When I measure the execution time with events I have a big delay in the normal execution of the code (in relation if I dont measure the time with the event), but seems that the time is measured right. Below is show the code:

//---------------------------------------------------------------------------------------------------------------------------------------------
// Code with event time measurement
//---------------------------------------------------------------------------------------------------------------------------------------------
ev.Clear();
GPUDevice.oclCQ.Execute(Kernels.myKernel, null, GlobalWorkSize, LocalWorkSize, ev);
GPUDevice.oclCQ.Finish();
GPUDevice.oclCQ.Wait(ev);
 
long  start = ev.Last.StartTime;
long   end = ev.Last.FinishTime;
 
float Time= (float)((end - start) / 1000000.0f);
//---------------------------------------------------------------------------------------------------------------------------------------------
//---------------------------------------------------------------------------------------------------------------------------------------------
// Code without event time measurement
//---------------------------------------------------------------------------------------------------------------------------------------------
sw.Reset();
sw.Start();
GPUDevice.oclCQ.Execute(Kernels.myKernel, null, GlobalWorkSize, LocalWorkSize, null);
GPUDevice.oclCQ.Finish();
sw.Stop();
float Time = (float)sw.Elapsed.TotalMilliseconds;
 
//---------------------------------------------------------------------------------------------------------------------------------------------

Anyone know the reason of this?.

Thx in advance !!!!!!


Comments

Comment viewing options

Select your preferred way to display the comments and click "Save settings" to activate your changes.
nythrix's picture

This is sort of "normal". I've noticed the same behavior and it is due to the events being created in OpenCL. Cloo has little overhead here.

Pablitinho's picture

I was checking cloo code and I removed all the calls of : "Trace.WriteLine" and reduce a lot the times in my methods.

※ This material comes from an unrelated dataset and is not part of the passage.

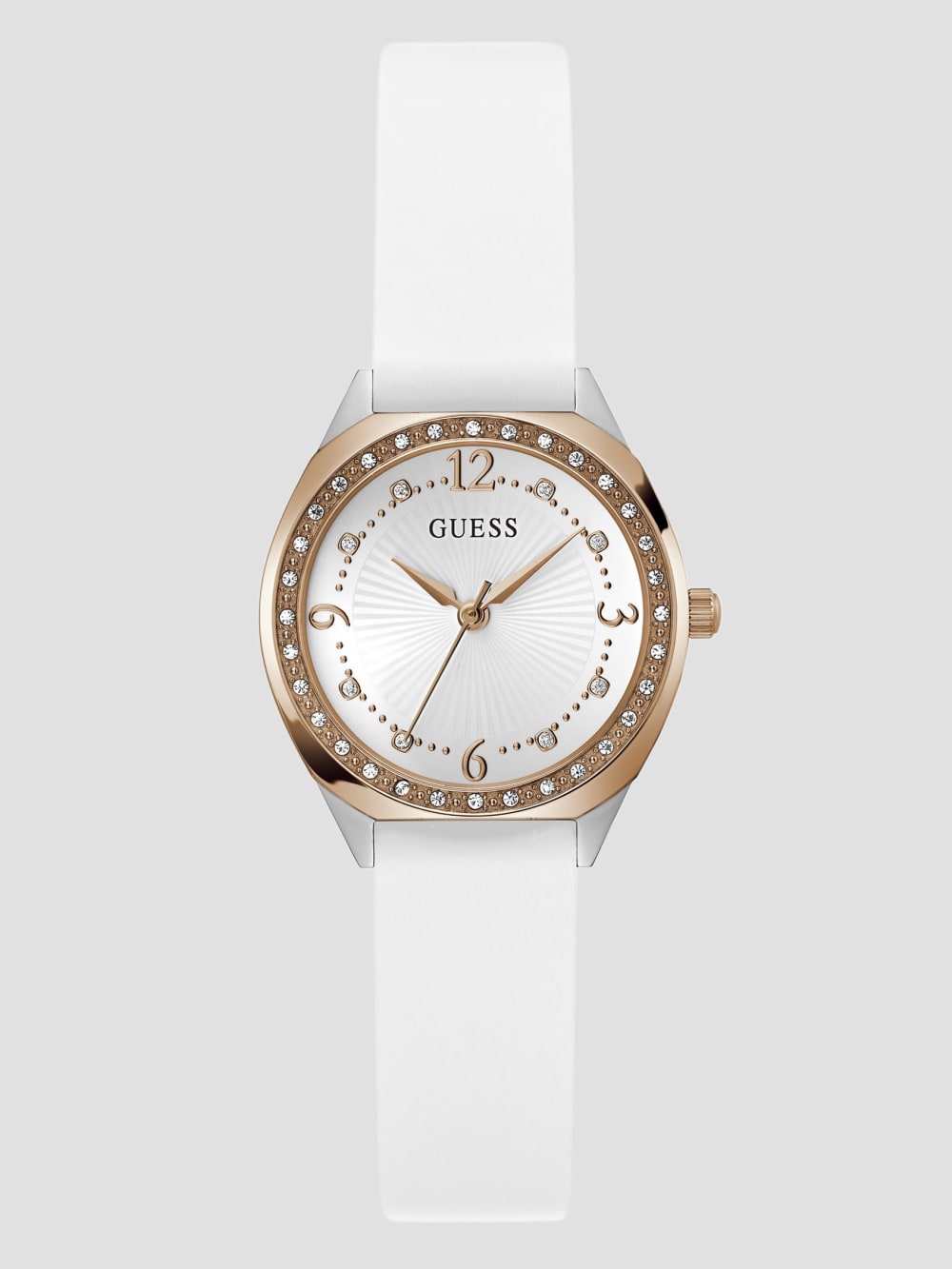 Rose Gold-Tone and White Analog Watch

Take into account that I create memories, detroy the memories, etc.. etc.. I have examples that I got 55 ms with the tracke.writeline call and if I comment it the method take only 7 ms.

Thx for the answer.

nythrix's picture

You should undefine the TRACE and DEBUG symbols and run in Release mode, if you want to do profiling then. The compiler will throw the Trace and Debug calls away for you.
Deleting those lines is not recommended since you might not know you're "leaking" resources. This mainly concerns resources shared with OpenGL.